The successful post-doctoral candidate will be responsible for implementing the following research methods:

  1. Collection and preprocessing of high-quality EEG and ECG data from healthy participants and individuals with specific neurological and cardiovascular conditions.
  2. Development and optimization of multivariate signal processing techniques, including time-frequency analysis, source localization, and connectivity analysis, to extract relevant features from the EEG and ECG data.
  3. Application of advanced machine learning techniques, such as deep learning, support vector machines, and random forests, to classify and predict different states of brain-heart interaction.
  4. Validation of the developed models using independent datasets and cross-validation techniques to ensure generalizability and robustness.
  5. Integration of the findings into a comprehensive framework that delineates the functional brain-heart interplay and its implications for health and disease.

Expected Outcomes:

The outcomes of this project will significantly advance our understanding of the complex brain-heart interplay and provide novel insights into the neural and cardiovascular mechanisms that underlie this relationship. Moreover, the developed predictive models can potentially be used as a diagnostic tool to identify individuals at risk of developing cardiovascular and neurological disorders. Ultimately, the findings may inform the development of personalized therapeutic strategies that target both the brain and the heart to promote overall health and well-being.

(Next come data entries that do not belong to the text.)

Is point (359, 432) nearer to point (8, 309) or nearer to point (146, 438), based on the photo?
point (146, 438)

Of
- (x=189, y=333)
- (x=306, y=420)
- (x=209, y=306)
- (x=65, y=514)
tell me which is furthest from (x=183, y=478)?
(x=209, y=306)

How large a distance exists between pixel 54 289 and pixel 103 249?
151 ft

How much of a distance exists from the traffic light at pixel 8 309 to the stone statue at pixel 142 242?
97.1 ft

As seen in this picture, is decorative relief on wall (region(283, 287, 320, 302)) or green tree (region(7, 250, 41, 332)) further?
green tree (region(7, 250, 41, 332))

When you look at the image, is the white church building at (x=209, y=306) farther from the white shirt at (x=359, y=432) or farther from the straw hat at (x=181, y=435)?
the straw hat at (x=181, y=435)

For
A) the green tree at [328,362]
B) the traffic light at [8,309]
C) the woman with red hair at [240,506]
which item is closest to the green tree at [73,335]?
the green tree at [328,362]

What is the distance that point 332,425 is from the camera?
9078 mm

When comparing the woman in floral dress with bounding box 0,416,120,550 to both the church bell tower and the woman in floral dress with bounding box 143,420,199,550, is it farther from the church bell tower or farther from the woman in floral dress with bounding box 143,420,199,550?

This post-doctoral research position offers an exciting opportunity for a motivated and talented individual to contribute to a rapidly evolving field with significant potential for real-world impact. The successful candidate will have access to state-of-the-art facilities, as well as the opportunity to collaborate with a multidisciplinary team of experts in neuroscience, cardiology, and computational sciences.

 

 

Hosting laboratory: Neuro-Cardiovascular Intelligence Lab of the University of Pisa (Italy)

                                   http://ncil.ing.unipi.it

Supervisor: Prof. Gaetano Valenza (http://www.centropiaggio.unipi.it/~valenza)

 

Eligibility criteria

Applicants must have a PhD degree at the time of the deadline for applications (11th September 2024). Applicants who have successfully defended their doctoral thesis but who have not yet formally been awarded the doctoral degree will also be considered eligible to apply.

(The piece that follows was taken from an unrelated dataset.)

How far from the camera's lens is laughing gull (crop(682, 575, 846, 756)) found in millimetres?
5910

At the call deadline, the applicant must have a maximum of 8 years experience in research, from the date of the award of their PhD degree. Years of experience outside research and career breaks will not count towards the above maximum, nor will years of experience in research in third countries, for nationals or long-term residents of EU Member States or Horizon Europe Associated Countries who wish to reintegrate to Europe.

 

Mobility Rule: The applicant may be of any nationality but must not have resided or carried out their main activity (work, studies, etc.) in Italy (for European Fellowships) or the host organisation for the outgoing phase (in case of Global Fellowship) for more than 12 months in the 3 years immediately before 11th September 2024.

 

Application procedure

Expressions of interest must be sent by email to GAETANO.VALENZA@UNIPI.IT no later than MAY 31, 2024  and must consist of two pdf files:

  1. Complete and updated CV, clearly demonstrating all 3 eligibility requirements.
  2. Motivation letter, maximum one page.